• [TRY IT]
Provide again, from the entries below, every line from the one containing "Pkk'lılar Arızayı Giden Dedaş Aracını Yaktı" through the one containing "NEW Skid Steer", exactly as written, and no other line.

• [SOURCE RECORDS]
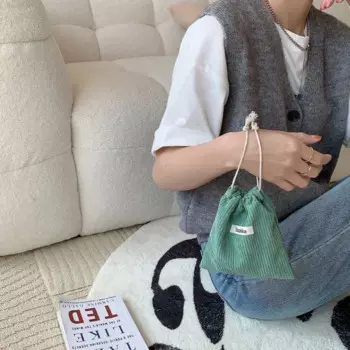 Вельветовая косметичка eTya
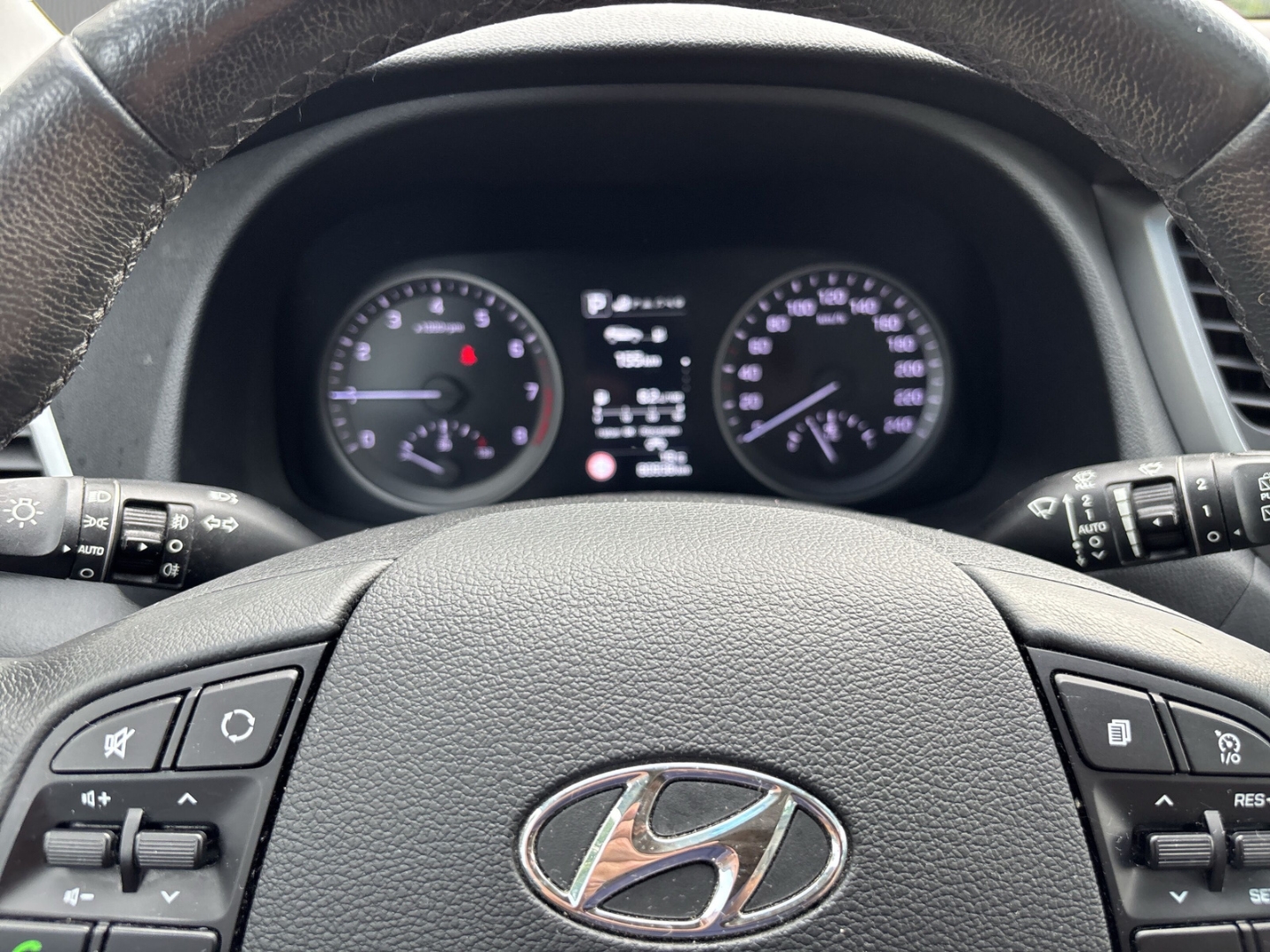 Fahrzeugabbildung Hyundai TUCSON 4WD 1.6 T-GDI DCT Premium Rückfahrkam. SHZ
==
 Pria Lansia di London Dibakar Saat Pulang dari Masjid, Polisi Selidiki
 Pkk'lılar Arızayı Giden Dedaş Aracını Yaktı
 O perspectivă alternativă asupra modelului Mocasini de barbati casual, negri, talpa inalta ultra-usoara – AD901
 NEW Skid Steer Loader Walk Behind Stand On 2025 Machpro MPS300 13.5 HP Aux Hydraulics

• [TASK RESULT]
 Pkk'lılar Arızayı Giden Dedaş Aracını Yaktı
 O perspectivă alternativă asupra modelului Mocasini de barbati casual, negri, talpa inalta ultra-usoara – AD901
 NEW Skid Steer Loader Walk Behind Stand On 2025 Machpro MPS300 13.5 HP Aux Hydraulics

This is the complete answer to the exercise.